A bar in Yorkshire has come under heavy criticism from gay rights groups after one of its employees identified two straight, male customers as “gay guys”, on a receipt.
The employee at Judson’s Bar in Pocklington, issued the till receipt which referred to Al Butler, 26, and an old school friend who went out for a meal together as, “gay guys”. The note on the receipt was used to indicate to staff where customers were sitting, in order to identify them for service.
Mr Butler has said he is not gay, but that he was offended by the use of the term, as he found it unnecessary that the bar had identified him and his friend by their perceived sexuality. He made a complaint after he spotted the receipt. Equality campaigners also criticised the incident as “inappropriate”.
He said: “I was surprised. I would not expect it anywhere else. It’s as equally unacceptable as racism. I don’t think it’s homophobic as it’s not a bad thing to be called gay – although I’m not – but I think it’s prejudiced. It’s jumping to a conclusion without the need to do so.”
The aerospace engineer from Derby, who was visiting his home town, said that when he complained to the bar person, he did not receive an apology, and that he had also complained to the bar owner.
He said: “In that situation I would expect a ‘sorry’ or ‘it won’t happen again’, but we got nothing.”
The bar has said it has “apologised unreservedly”, for the incident, and the staff member, who had been working at the bar for only several days, has since been disciplined.
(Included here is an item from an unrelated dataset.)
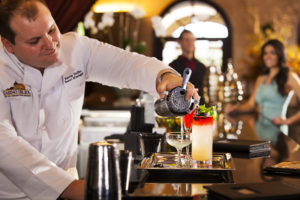 I8tonite: with Tucson's Casino del Sol Mixologist, Aaron de Feo, and a Tom Turner Overdrive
The owner of the bar Peter Ward told The Press, Yorkshire: “We have apologised unreservedly. While it was completely wrong, I don’t feel it was prejudiced.
“It was completely unprofessional and it is not what our business is about.”
Responding to the controversy, James Lawrence of Stonewall, said: “Incidents like this highlight the importance of staff training. Identifying customers by their perceived sexual orientation is unnecessary and could cause offence. It’s right that the bar should apologise to the customers for this inappropriate behaviour.”
A spokesperson from the York Lesbian, Gay, Bisexual and Transgender Forum also commented, saying: “Clearly this is an unacceptable and wrong stereotype made by a member of staff at the bar, but it is also a mistake which could cause great offence and upset to anyone involved, regardless of their sexuality.